| Bayside Gables Homeowners v Azzizi |
| 2022 NY Slip Op 22258 [76 Misc 3d 7] |
| Accepted for Miscellaneous Reports Publication |
| Supreme Court, Appellate Term, Second Department, 2d, 11th and 13th Judicial Districts |
| Published by New York State Law Reporting Bureau pursuant to Judiciary Law § 431. |
| As corrected through Wednesday, October 12, 2022 |
| Bayside Gables Homeowners, Respondent, v Farad Azzizi, Appellant. |
Supreme Court, Appellate Term, Second Department, 2d, 11th and 13th Judicial Districts, July 22, 2022
Farad Azzizi, appellant pro se.
Bayside Gables Homeowners, respondent pro se.
Ordered that the judgment is reversed, without costs, and the matter is remitted to the Civil Court for a new trial.
In this small claims action, insofar as relevant to this appeal, plaintiff, an incorporated homeowners' association, seeks to recover "homeowners security dues" for the period from 2008 through 2014. Defendant opposed plaintiff's claim, contending that, because plaintiff had lost a 2007 small claims case in which it sought security dues from him for 2007, it was barred from seeking security dues for subsequent periods. Defendant separately argued that plaintiff lacked the authority to charge him for security dues, at least in part because there had been no provision for security dues in the homeowners' association's governing documents when defendant acquired his home. Plaintiff countered that it was authorized by its amended declaration to charge security dues, and that the prior action, which had been tried by a small claims arbitrator, had been wrongly decided. Following the trial, the Civil Court awarded judgment to plaintiff in the principal sum of $3,325.
[*2]In a small claims action, our review is limited to a determination of whether "substantial justice has . . . been done between the parties according to the rules and principles of substantive law" (CCA 1807; see 1804; Ross v Friedman, 269 AD2d 584 [2000]; Williams v Roper, 269 AD2d 125, 126 [2000]). The arbitrator's award in the 2007 small claims action only barred plaintiff from bringing claims which could have been brought in that action (see CCA 1808; see also Simmons v Trans Express Inc., 37 NY3d 107, 110, 115 [2021]; cf. Mitchell v TD Ameritrade, 71 Misc 3d 134[A], 2021 NY Slip Op 50360[U] {**76 Misc 3d at 9}[App Term, 2d Dept, 2d, 11th & 13th Jud Dists 2021]; Silva v Lee, 55 Misc 3d 128[A], 2017 NY Slip Op 50369[U] [App Term, 2d Dept, 2d, 11th & 13th Jud Dists 2017]).

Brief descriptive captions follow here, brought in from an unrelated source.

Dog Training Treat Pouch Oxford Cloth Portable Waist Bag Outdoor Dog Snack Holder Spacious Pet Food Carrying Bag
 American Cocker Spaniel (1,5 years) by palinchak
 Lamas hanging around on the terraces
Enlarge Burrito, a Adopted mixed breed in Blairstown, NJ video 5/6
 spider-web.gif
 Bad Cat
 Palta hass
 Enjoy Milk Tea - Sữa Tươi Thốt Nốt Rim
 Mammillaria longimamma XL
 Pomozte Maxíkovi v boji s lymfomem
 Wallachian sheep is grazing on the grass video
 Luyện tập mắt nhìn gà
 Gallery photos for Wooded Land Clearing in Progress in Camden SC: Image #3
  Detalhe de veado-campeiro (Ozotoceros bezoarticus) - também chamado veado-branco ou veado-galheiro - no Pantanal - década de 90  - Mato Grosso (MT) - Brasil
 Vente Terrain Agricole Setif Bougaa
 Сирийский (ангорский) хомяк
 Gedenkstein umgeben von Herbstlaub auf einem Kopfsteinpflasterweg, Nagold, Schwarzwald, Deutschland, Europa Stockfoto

The award did not have collateral estoppel or issue preclusive effect (see Simmons v Trans Express Inc., 37 NY3d at 113-115), and thus did not bar plaintiff from bringing the present claim for security dues for the period from 2008 through 2014, even though it had previously sought, and failed to obtain, a recovery for earlier accrued security dues.
"In reviewing the actions of a homeowners' association, a court should apply the business judgment rule and should limit its inquiry to whether the action was authorized and whether it was taken in good faith and in furtherance of the legitimate interests of the association" (19 Pond, Inc. v Goldens Bridge Community Assn., Inc., 142 AD3d 969, 970 [2016]; see also Matter of Levandusky v One Fifth Ave. Apt. Corp., 75 NY2d 530, 538 [1990]; Ives v Fieldpoint Community Assn., Inc., 197 AD3d 1248, 1250-1251 [2021]; Matter of Beckerman v Lattingtown Harbor Prop. Owners Assn., Inc., 183 AD3d 821, 823 [2020]; Matter of Curlin v Clove Lane Homeowners Assn., Inc., 153 AD3d 922, 924-925 [2017]; Chow v Fieldpoint Community Assn., 71 Misc 3d 128[A], 2021 NY Slip Op 50237[U] [App Term, 2d Dept, 9th & 10th Jud Dists 2021]). Plaintiff introduced into evidence documents upon which the Civil Court relied in determining this matter. These documents were not included in the appellate record and plaintiff's attorney failed to provide them to this court upon request. As they are necessary for our review, the record is inadequate to determine whether the judgment rendered substantial justice between the parties according to the rules and principles of substantive law (see Ceresa v Segundo's Landscaping & Contr., 11 Misc 3d 132[A], 2006 NY Slip Op 50350[U] [App Term, 2d Dept, 9th & 10th Jud Dists 2006]). Consequently, a new trial is required.
Accordingly, the judgment is reversed and the matter is remitted to the Civil Court for a new trial.
Weston, J.P., Toussaint and Buggs, JJ., concur.